_Collected data entries_.
---+---
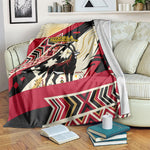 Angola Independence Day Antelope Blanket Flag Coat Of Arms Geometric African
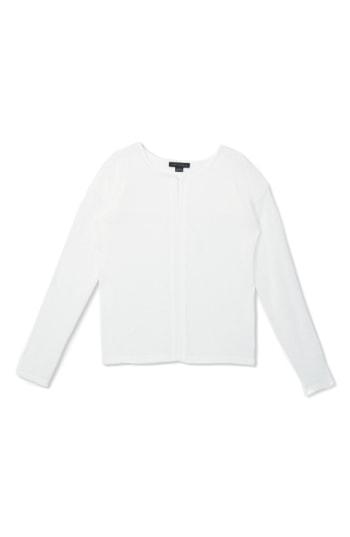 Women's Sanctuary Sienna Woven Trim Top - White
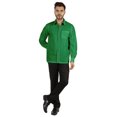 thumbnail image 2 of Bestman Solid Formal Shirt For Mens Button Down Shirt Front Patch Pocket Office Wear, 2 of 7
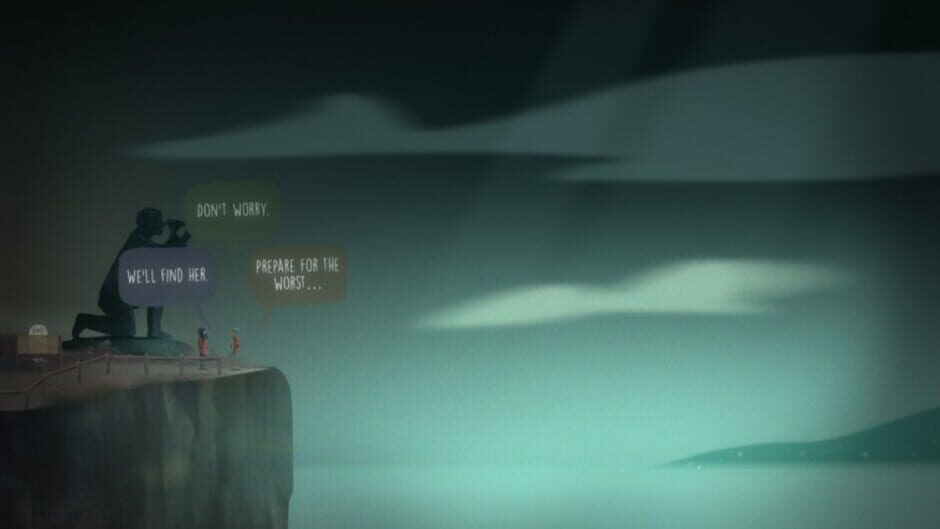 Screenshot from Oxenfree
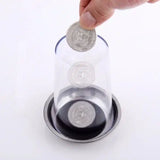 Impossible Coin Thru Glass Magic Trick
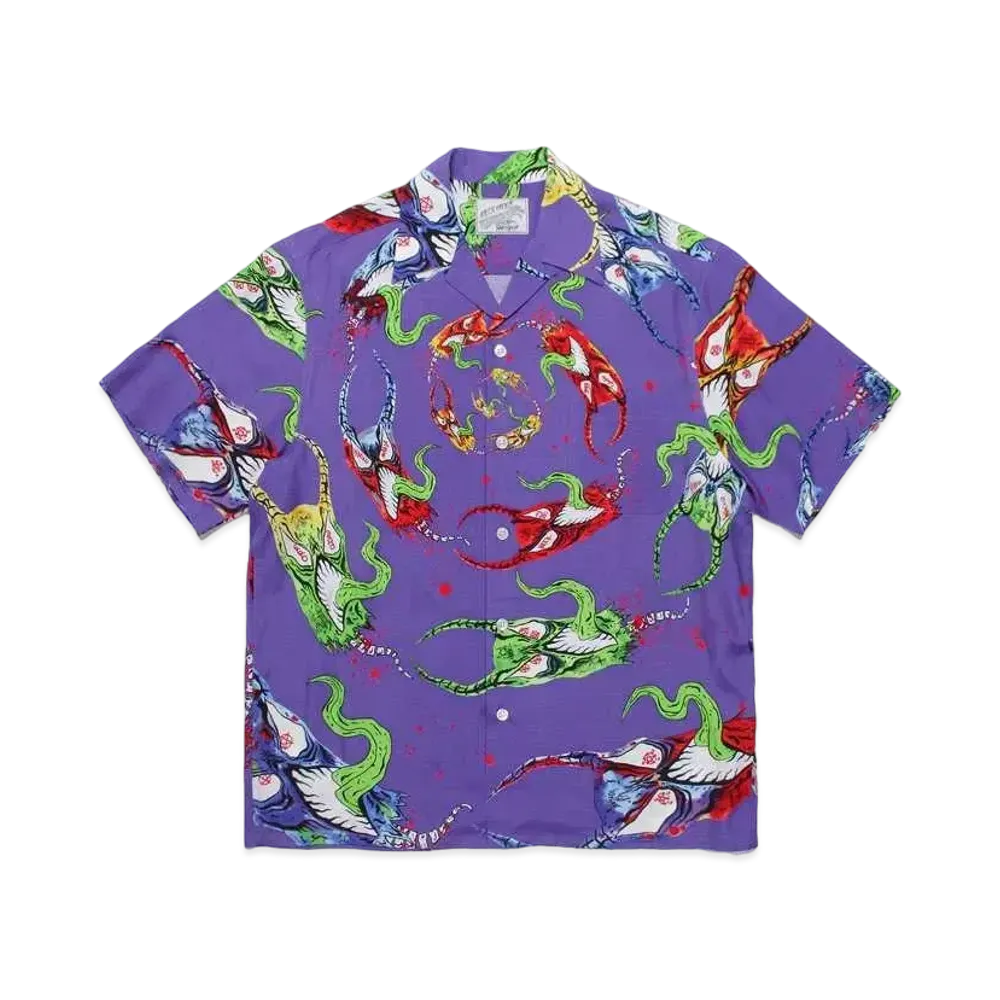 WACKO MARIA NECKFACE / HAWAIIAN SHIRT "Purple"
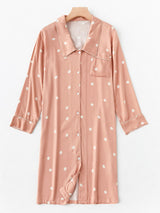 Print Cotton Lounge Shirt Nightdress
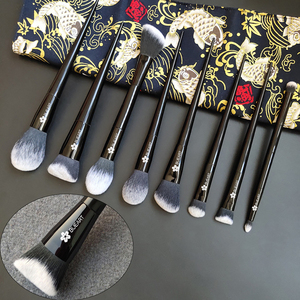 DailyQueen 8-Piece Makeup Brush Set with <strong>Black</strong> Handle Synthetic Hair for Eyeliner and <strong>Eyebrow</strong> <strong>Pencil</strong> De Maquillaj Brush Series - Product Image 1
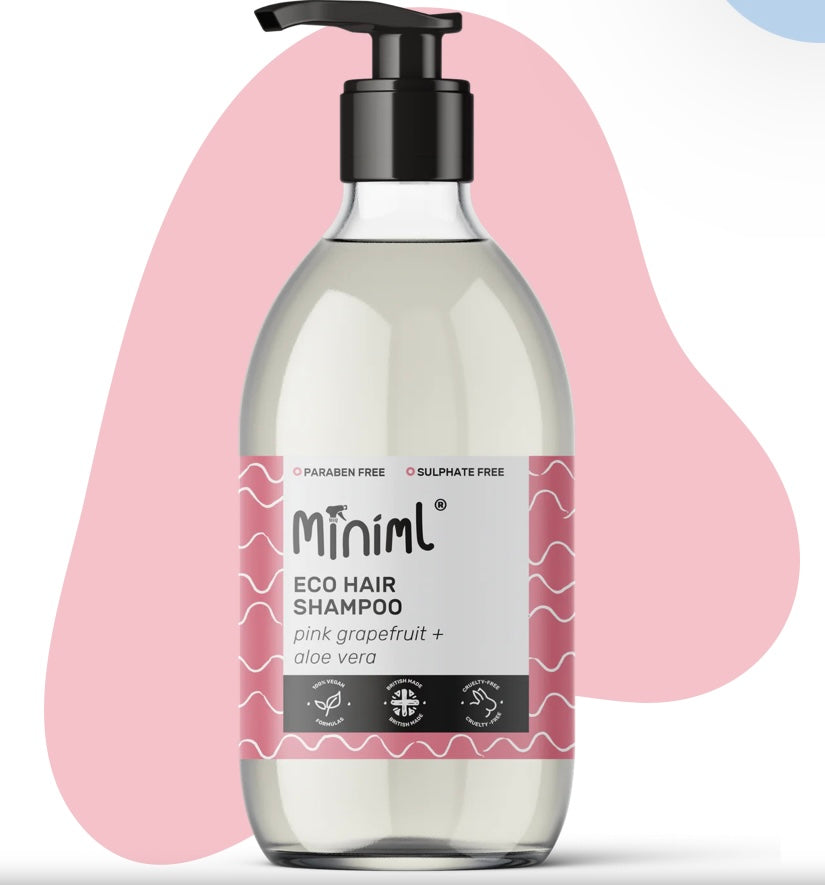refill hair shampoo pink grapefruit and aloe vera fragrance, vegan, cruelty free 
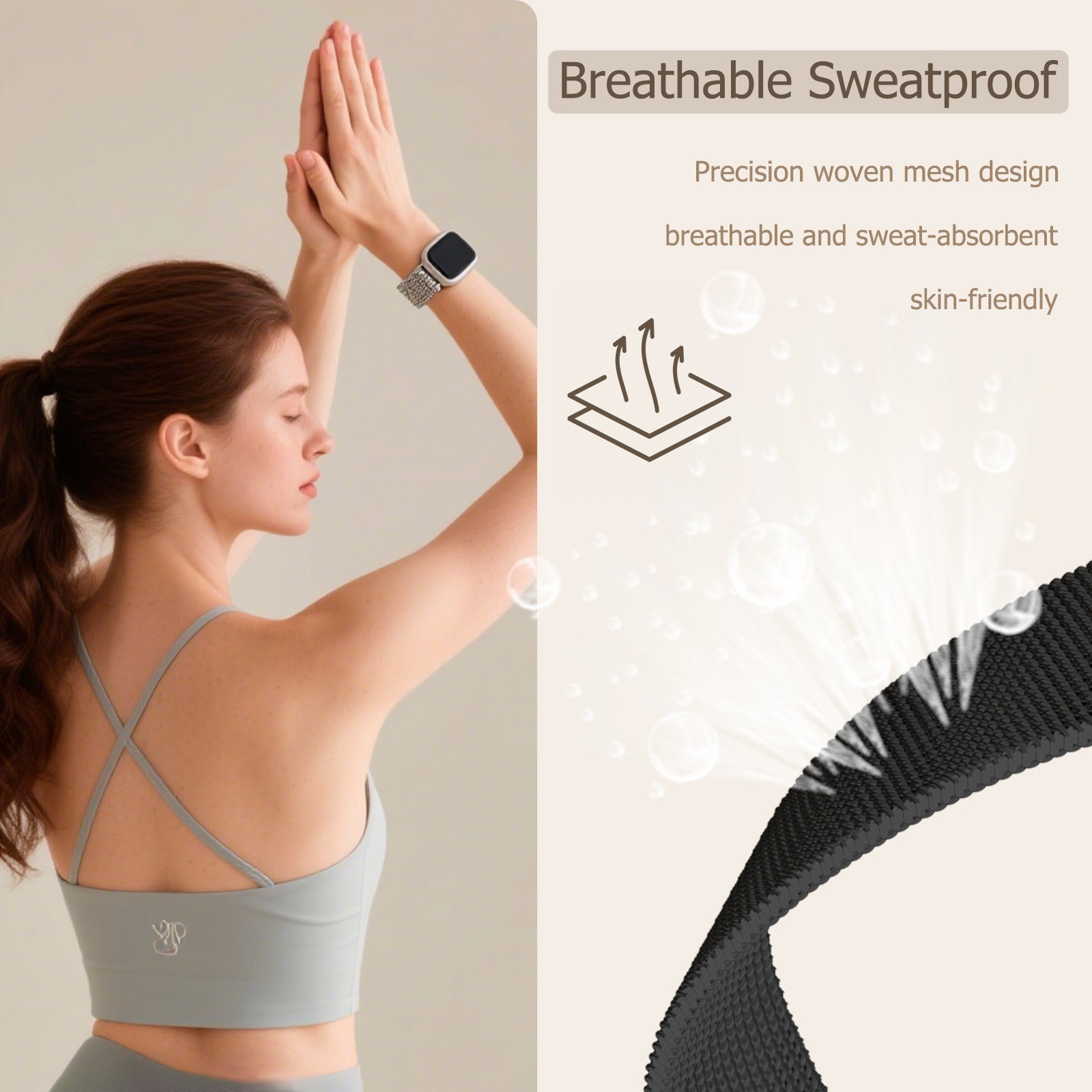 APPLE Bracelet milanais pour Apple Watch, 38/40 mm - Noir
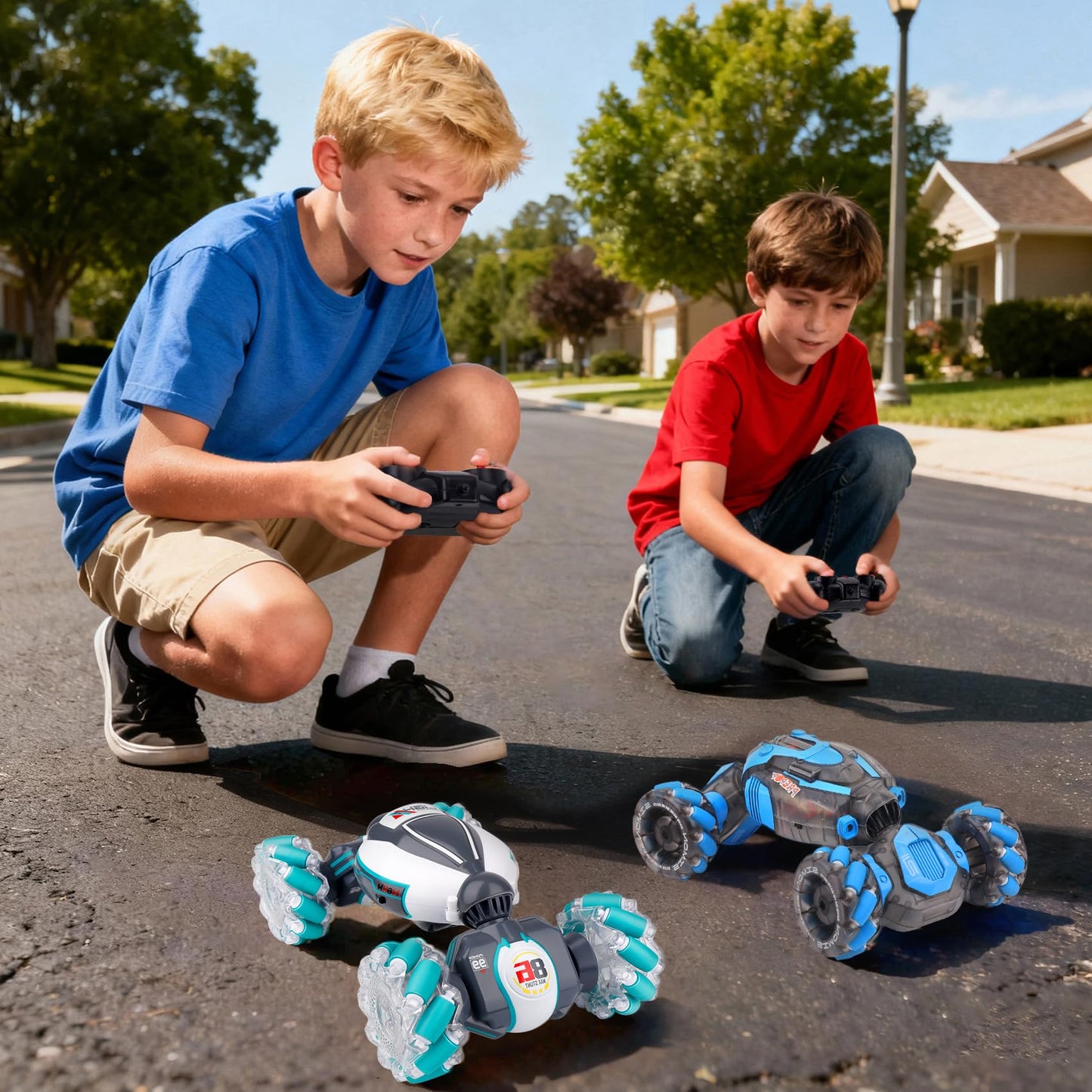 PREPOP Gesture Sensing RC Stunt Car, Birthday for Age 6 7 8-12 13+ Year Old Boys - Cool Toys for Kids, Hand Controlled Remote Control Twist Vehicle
---+---
_Exercise description_. Your copy of the entries must be exact and must not include any of their pictures.

_Answer space_.
 Angola Independence Day Antelope Blanket Flag Coat Of Arms Geometric African
 Women's Sanctuary Sienna Woven Trim Top - White
 thumbnail image 2 of Bestman Solid Formal Shirt For Mens Button Down Shirt Front Patch Pocket Office Wear, 2 of 7
 Screenshot from Oxenfree
 Impossible Coin Thru Glass Magic Trick
 WACKO MARIA NECKFACE / HAWAIIAN SHIRT "Purple"
 Print Cotton Lounge Shirt Nightdress
 DailyQueen 8-Piece Makeup Brush Set with <strong>Black</strong> Handle Synthetic Hair for Eyeliner and <strong>Eyebrow</strong> <strong>Pencil</strong> De Maquillaj Brush Series - Product Image 1
refill hair shampoo pink grapefruit and aloe vera fragrance, vegan, cruelty free 
 APPLE Bracelet milanais pour Apple Watch, 38/40 mm - Noir
 PREPOP Gesture Sensing RC Stunt Car, Birthday for Age 6 7 8-12 13+ Year Old Boys - Cool Toys for Kids, Hand Controlled Remote Control Twist Vehicle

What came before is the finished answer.